Business Services Industry
The wizard of wax - Andy Glanzman of Northern Lights Candles
Nation's Business, March, 1994 by Ben Fanton
Back in 1976, Andy Glanzman started making candles out of necessity. An elderly friend in western New York needed looking after, and Glanzman and his wife, Tina, moved in with him briefly to help out. The friend's old farmhouse lacked electricity, not to mention heat or running water.
Today, Glanzman is still making candles, hundreds of thousands of them that he sells to customers all over the world. But it's not likely that anyone is setting a match to any of his creations. Each candle made by his company Northern Lights Candles, is a hand-sculpted, collectible work of art, signed by the craftsperson who created it. Although they may be similar, no two are exactly alike.
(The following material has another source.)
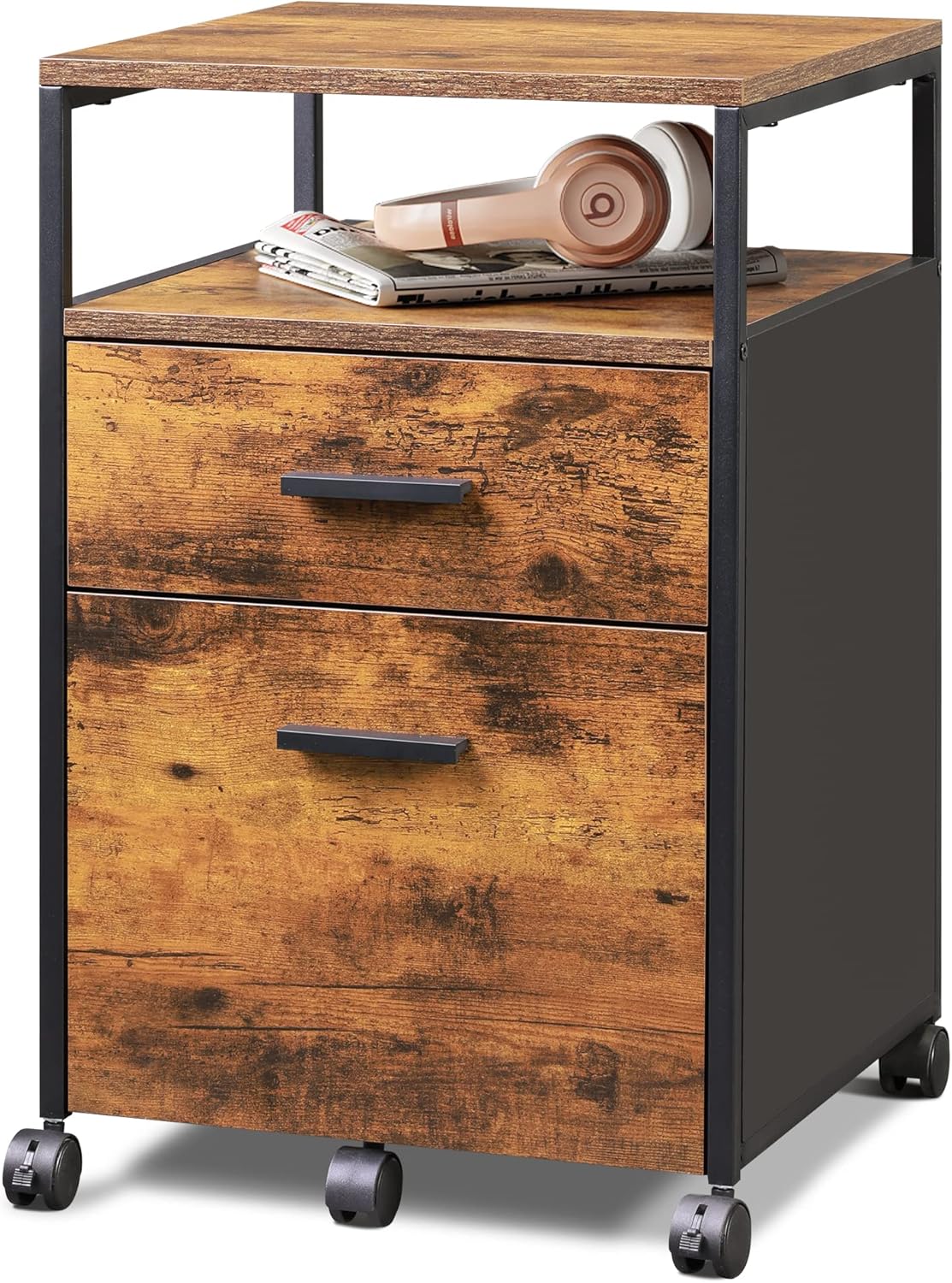 DEVAISE Rustic Brown File Cabinet: Mobile & Spacious Storage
"We have over 150 different designs," says Glanzman, formerly a professional rock guitarist, as he walks through his small but rapidly expanding business in rural Wellsville, N.Y. The place is full of colorful wax wizards, dragons, unicorns, cats, bears, bunnies, pigs, penguins, and lots of Santas.
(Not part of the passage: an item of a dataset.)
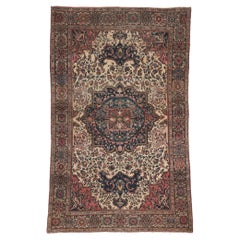 Small Antique Persian Sarouk Rug, Timeless Style Meets Enduring Charm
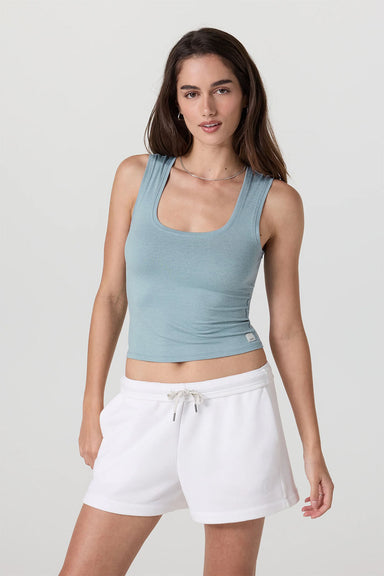 Vuori - Halo Essential Scoop Tank - Shade Heather - Front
"We make a lot of Christmas items," he says as he passes several of his 140 employees putting the finishing touches on the Santas they've made. "We sell probably 75 percent of our annual production during the Christmas season."
The firm's candles retail from $7.95 to $125 each, with the majority priced around $20.
Northern Lights now has gross sales of about $4 million annually and sells wholesale to more than 2,000 retail stores. It also operates 30 kiosks at Christmastime in shopping malls in Canada and the Northeastern United States and has agreements with 20 owner/operators who set up other mall kiosks throughout the U.S. and abroad.
Glanzman's first candles, purely functional, were made by repeatedly dipping wicks into melted wax. His interest, however, soon switched to sculpting. Through experimentation, he developed a formula for a special wax that had the right properties for hand forming. When he set up a table at a local craft fair and made $250 in one weekend, he realized that he might be able to make a living with his creations.
"We started traveling to the biggest and best craft shows in the country," Glanzman says. "I was making them all myself at that time, and after a while, I just couldn't keep up with it. First of all, my hands were getting raw, and I knew that I could sell a lot more than I could make."
The obvious solution was to hire employees and teach them how to create the candles, a choice that suited Glanzman's personality. "I get bored very easily," he says. "If I do something for a while, even if it's a money-generating proposition, I still want to get somebody else to do the actual production so I can move on to other things."
His most valuable role right now, he says, is "making a future for the company."
That future looks promising. In addition to his distribution network in the United States, the candies are sold overseas, in such countries as England, Italy, Australia, and Germany, and they are the No. 1 make of collectible candles sold in Japan. Northern Lights captured the award for best gift import at the Tokyo International Gift Fair in 1990.
"It's quality, it's uniqueness, it's made in America, and it's cute," Glanzman, 40, says of his products' appeal to the Japanese. "If you have those four things, you can sell anything in Japan."
Other keys to the success of Northern Lights Candies, according to Glanzman, are its marketing acumen and its emphasis on developing new products and maintaining low overhead--not even Glanzman has a private office in the company's crowded headquarters. "We put all our money into labor," he says.
Training for employees is extensive. According to Glanzman, some of the more intricate sculptures can take years to learn while even the simpler ones take months to master. On the up side, however, is flexibility. If one item isn't selling well, the employees can just stop making it and switch to another.
Glanzman is quick to praise his staff. "I look at this place and [see] a lot of good people here," he says. "It's really the people here that make this happen."
There's one person in particular to whom he gives credit: his wife, Tina, who has been part of the operation since the bleak days of 1976 and serves as the company's controller. "I'm not financially oriented; I'm more in the creative area," Glanzman explains. "She's more down to earth, dollars and cents."
Upbeat about the company's prospects, Glanzman says, "I think we're going to have a really bright future." Then he adds: "No pun intended."
Ben Fanton is a free-lance writer in Wellsville, N.Y.